++++ Supplied material ++++

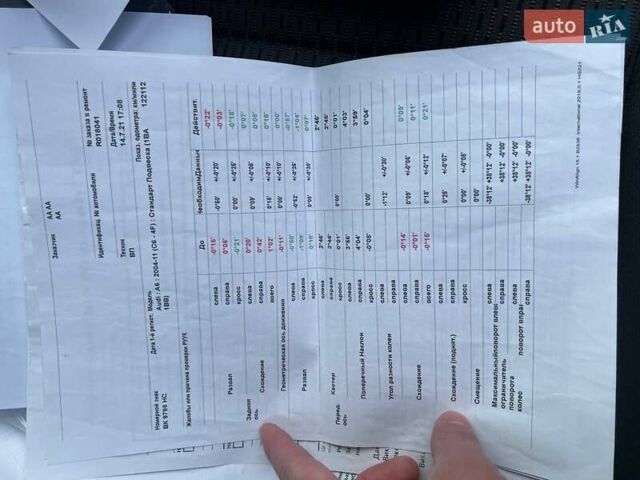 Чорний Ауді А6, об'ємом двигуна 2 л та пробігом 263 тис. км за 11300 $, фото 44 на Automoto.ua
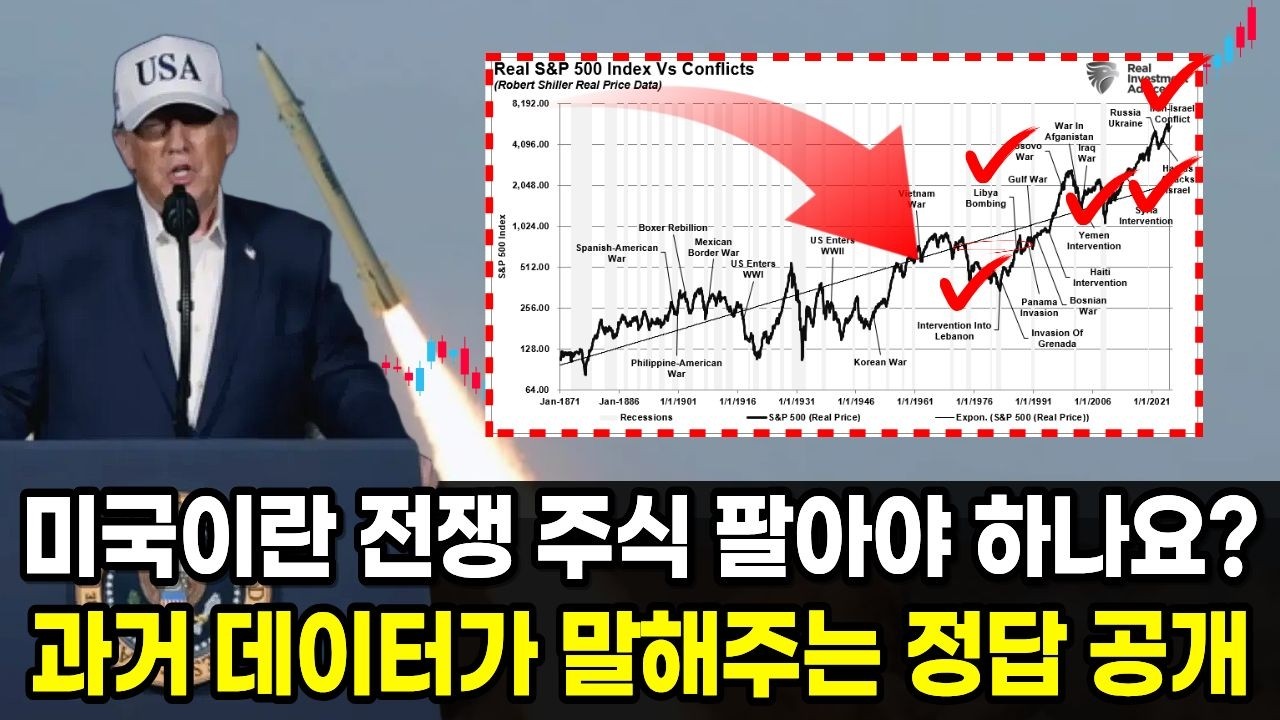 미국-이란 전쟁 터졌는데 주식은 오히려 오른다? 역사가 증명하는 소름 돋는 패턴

++++
++++ Supplied material ++++

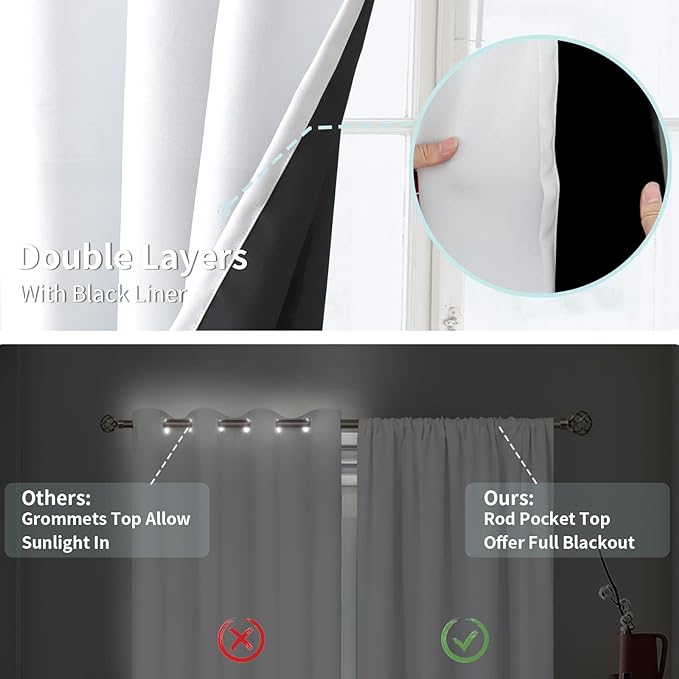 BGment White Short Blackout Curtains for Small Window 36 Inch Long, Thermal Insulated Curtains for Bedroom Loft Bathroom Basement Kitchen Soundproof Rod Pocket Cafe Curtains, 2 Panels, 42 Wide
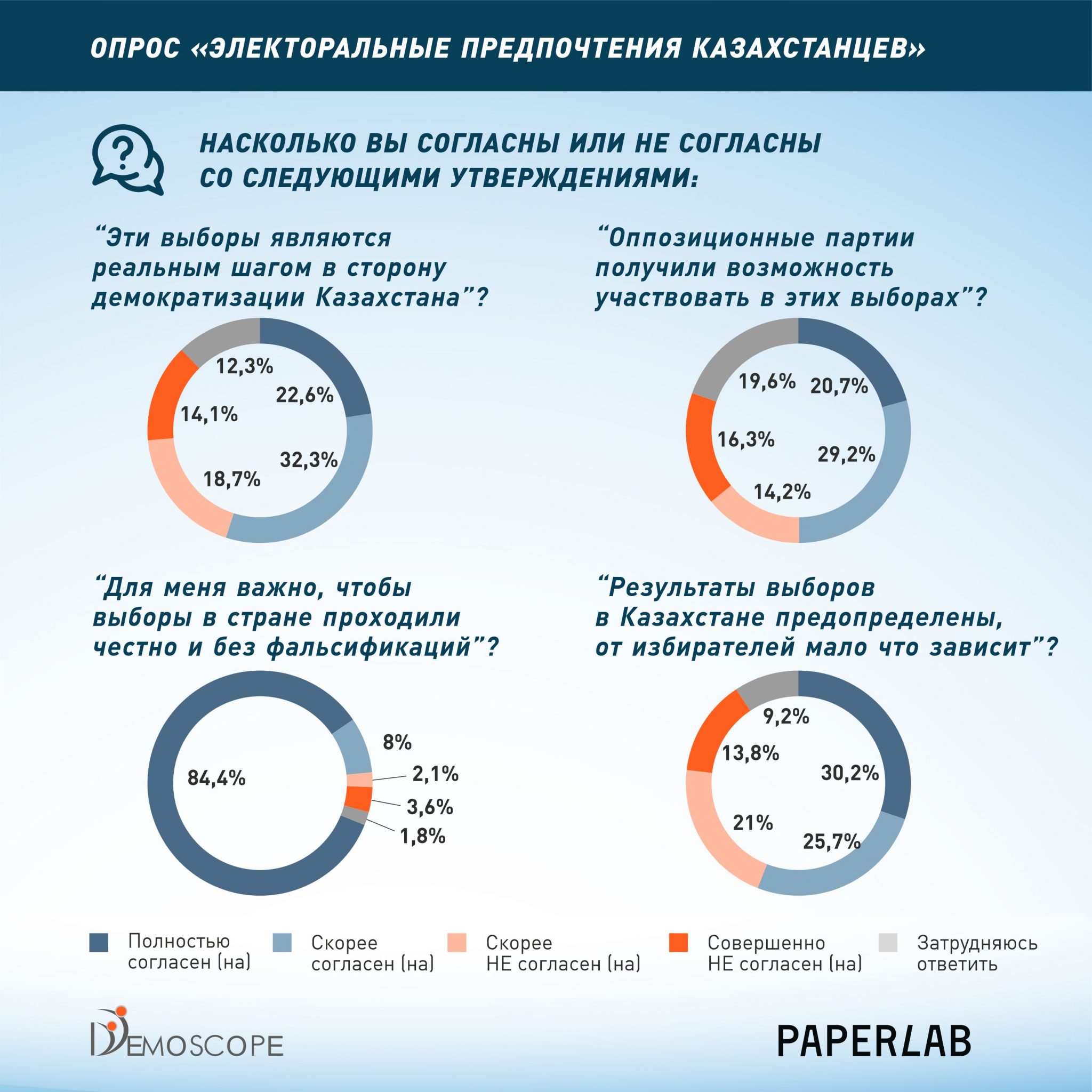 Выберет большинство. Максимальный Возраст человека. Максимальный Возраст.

++++
++++ Supplied material ++++

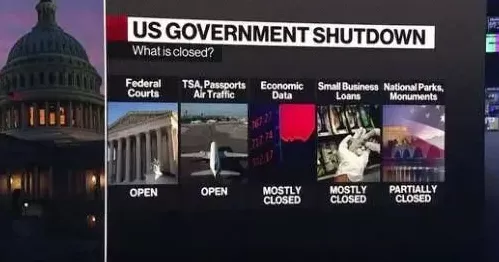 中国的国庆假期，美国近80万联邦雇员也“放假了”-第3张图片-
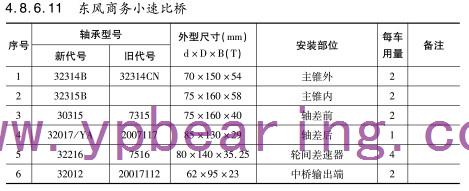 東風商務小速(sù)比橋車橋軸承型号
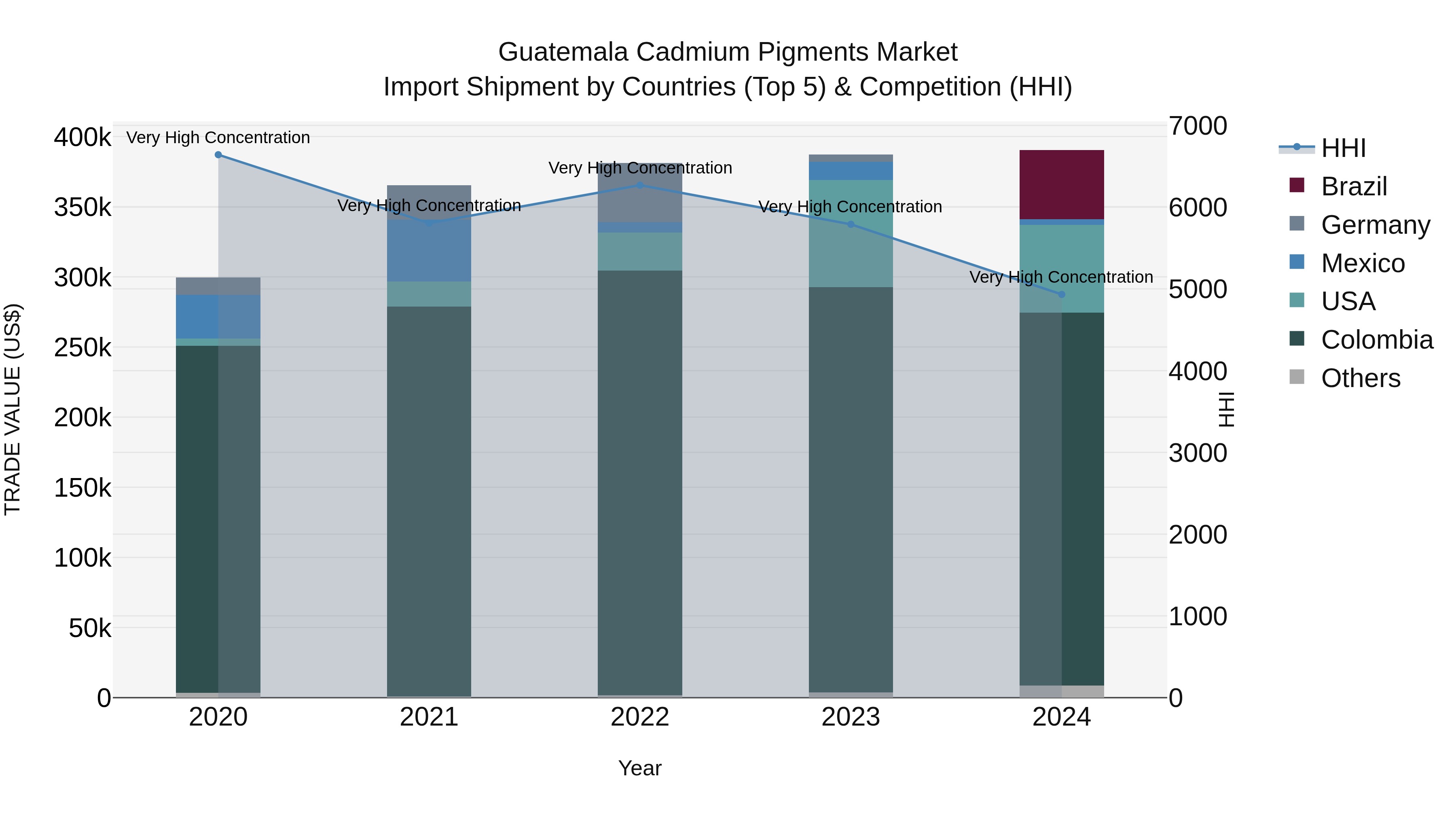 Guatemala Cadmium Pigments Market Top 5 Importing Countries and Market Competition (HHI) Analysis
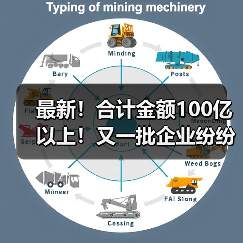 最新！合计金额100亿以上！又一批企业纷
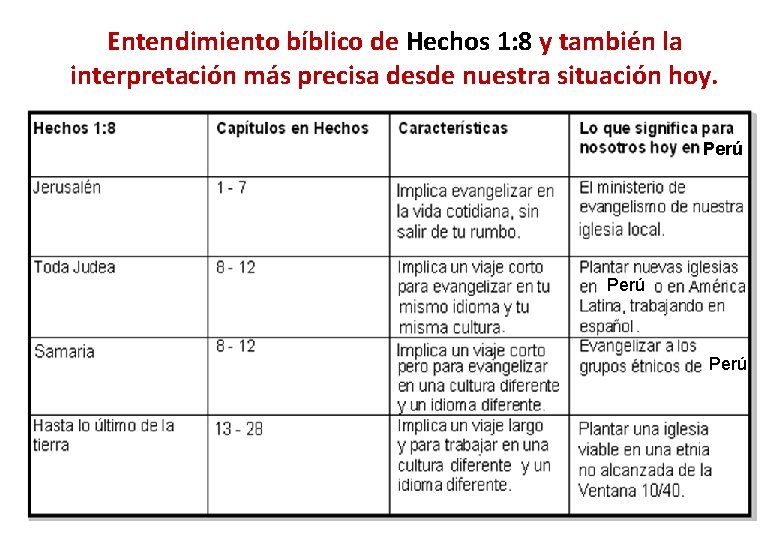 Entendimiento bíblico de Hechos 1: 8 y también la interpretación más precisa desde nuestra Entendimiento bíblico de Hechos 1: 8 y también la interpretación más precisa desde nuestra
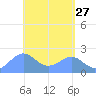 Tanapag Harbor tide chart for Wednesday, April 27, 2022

++++

▶ [Work required]: I'd like the lines above repeated exactly, from the one that contains "Чорний Ауді А6, об'ємом" through the one that contains "미국-이란 전쟁 터졌는데 주식은 오히려 오른다? 역사가 증명하는 소름 돋는 패턴", with no pictures.

▶ [Response below]:
 Чорний Ауді А6, об'ємом двигуна 2 л та пробігом 263 тис. км за 11300 $, фото 44 на Automoto.ua
 미국-이란 전쟁 터졌는데 주식은 오히려 오른다? 역사가 증명하는 소름 돋는 패턴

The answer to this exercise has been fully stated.